HashLink profiler is a sampling profiler. It runs as a separate thread that will capture the call stack of other VM threads N times per seconds. With a big N (10000 for example) this give you a 0.1 ms precision for a given measurement. If you measure over a long period of time a running program, for example if you capture a game frames, selecting several frames and looking at the average measurements will further improve the precision.
The best part about a sampling profiler is that since it does not instrument the running code but only sample it from another thread, the original code will run exactly at the same speed as it usually does, no need to compile using a Debug slower build. This also means the profiler will measure your application speed exactly the way it will run on every computer.
In order to start a profiling session, you can use the --profile
command line parameter:
hl --profile 10000 myapp.hl <app args>
The application will start profiling immediately. Once it terminates, a hlprofile.dump
binary file will be created that contains all the profiling information for the session.
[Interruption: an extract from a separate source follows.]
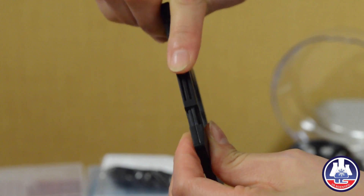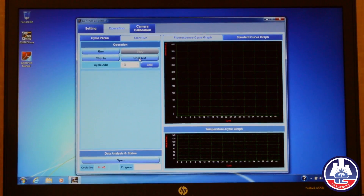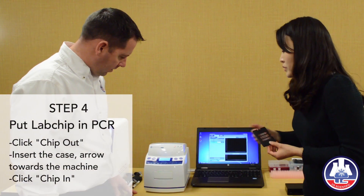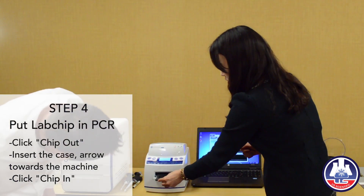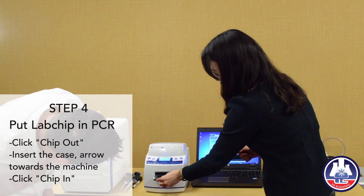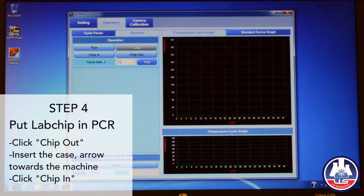Go to the software, in the operation tab. When you click the chip-out button, the door will be opened automatically. Then insert your chip case here like this, and then click the chip-in button to close.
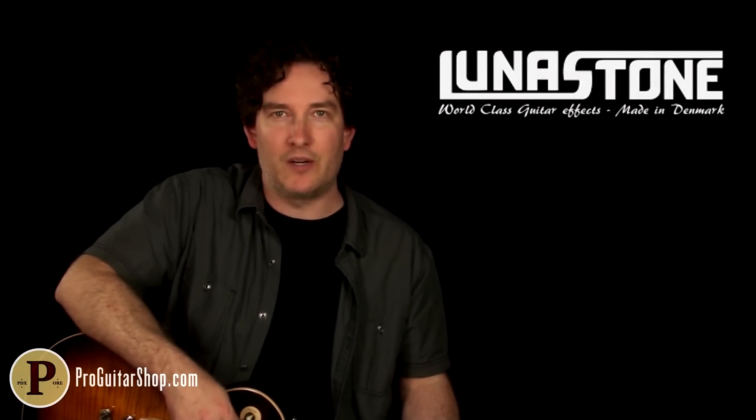Well, there's another flavor of true overdrive — the Bigfella from Lunastone. And you can find all the Lunastone pedals right here at ProGuitarShop.com. Thanks for watching.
If you are using the Visual Studio Code HashLink Debugger, you can also set "profileSamples" : 10000
in your launch.json options (requires HL Debugger 0.9.0+).
The hlprofile.dump
obtained cannot be exploited directly, it first needs to be analysed and converted into JSON format. In order to do this, compile the ProfileGen Haxe project and run it with hl profiler.hl </path/to/hlprofile.dump>
. It will transform the binary dump file into a JSON file that can be displayed. By default it overwrites the hlprofile.dump but you can add -out profile.json
parameter to write it to another file.
Once you have converted the hlprofile.dump
to JSON, you can open it using Chrome Profiler.
- open google chrome
- open developer tools
- navigate the Performance tab
- click on the arrow up (Load Profile) and select your hlprofile.dump file
This will give you the following result:
From here, you can analyse the results, select a specific frame range and see which function runs and where are the bottlenecks for optimization purposes.
Compile with -D hl-profile
to allow Heaps.io framework to display per-frame profiling. This uses the Profiler API detailed below.
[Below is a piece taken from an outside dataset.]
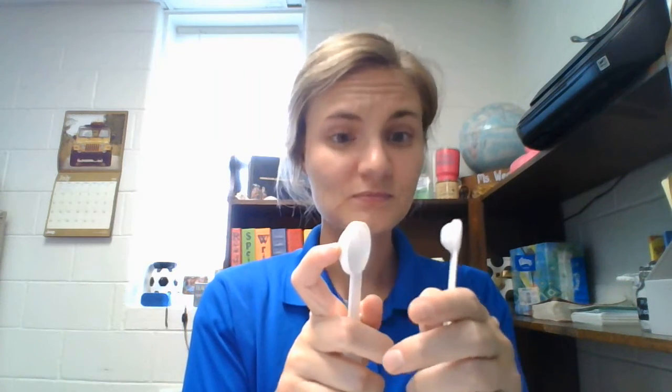Now, maybe a recipe says three-fourths, and all you have is one-fourth. Did you know that if you do three one-fourths, that's three-fourths? Because this is just one-fourth — that's dividing the teaspoon into four sections, just like we did with our cup. When they say one-fourth, that's dividing it into four sections, so they already did it for you. That's why this one's tiny — it's a fourth of a teaspoon. So if a recipe calls for three-fourths, you could do three of these, because this is one-fourth, and three of them gives you three-fourths.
You can use hl.Profile.event
API to send a profiler event from your application runtime. These events will be inserted into the binary dump and can be processed by the ProfileGen later, allowing you to create a fully customized reporting.
For example:
hl.Profile.event(44); // insert event 44
hl.Profile.event(55,"My label"); // insert event with string data
hl.Profile.eventBytes(66, myBytesData); // insert event with bytes data
While the profiler supports profiling several threads, the hl.Profile.event API is not thread safe, use with care.
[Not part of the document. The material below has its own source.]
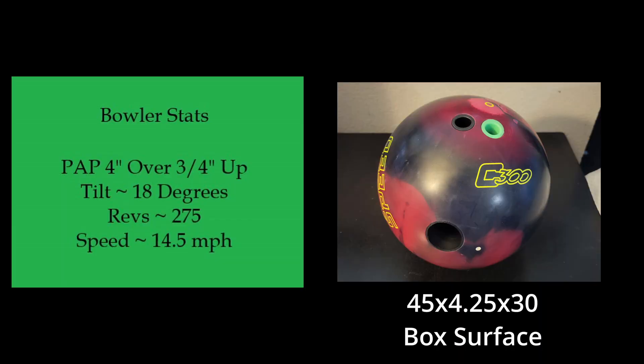I drilled this ball 45 by 4¼ by 30, and I left the finish at box surface. Here's some video of this ball on a typical house shot.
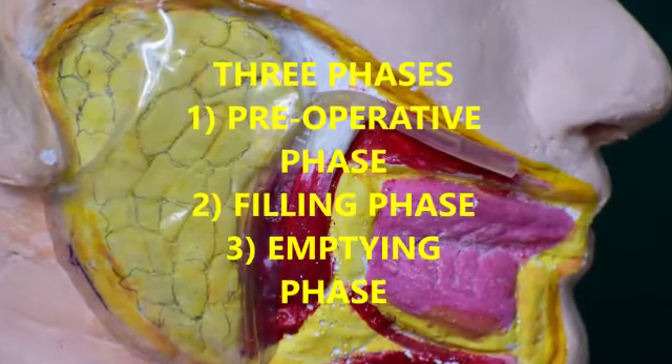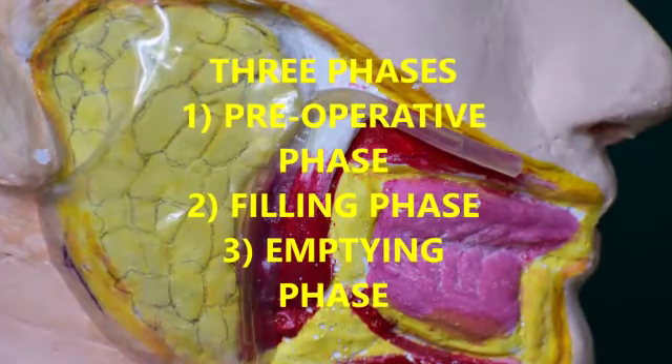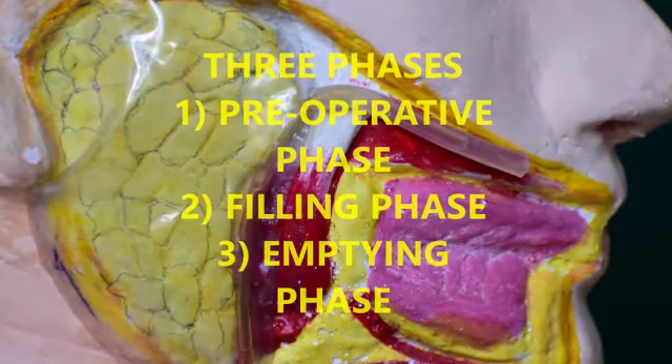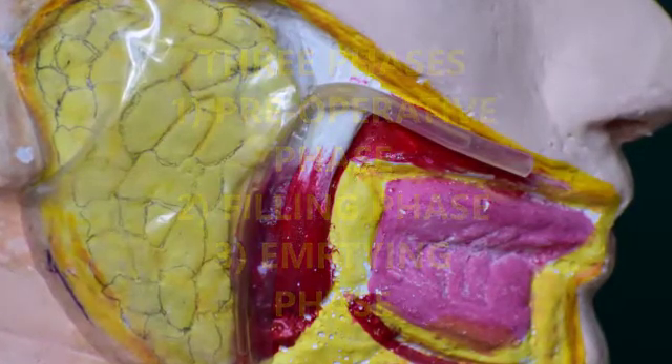Now let's take a look at the second phase called the filling phase. The relevant duct orifice needs to be found. For the parotid gland, the orifice is located at the base of the papilla in the buccal mucosa, adjacent to the first or the second molar. The calibre of the duct is 1–2 mm wide.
Also, the following special event code are already implemented:
-
-1
: pause the profiler for the current thread -
-2
: resume the profiler for the current thread -
-3
: clear all accumulated profile data -
-4
: pause the profiler for all threads -
-5
: resume the profiler for all threads -
-6
: force generation ofhlprofile.dump
- don't wait for program exit -
-7
: allows to start the profiler setup, you can pass optional samplesCount (default: 1000) -
0
: insert end-of-frame, for games and other realtime applications
The profiler was introduced in HL 1.11 and is only implemented for Windows and, since HL 1.12, Linux.
See src/profile.c
to contribute other platforms.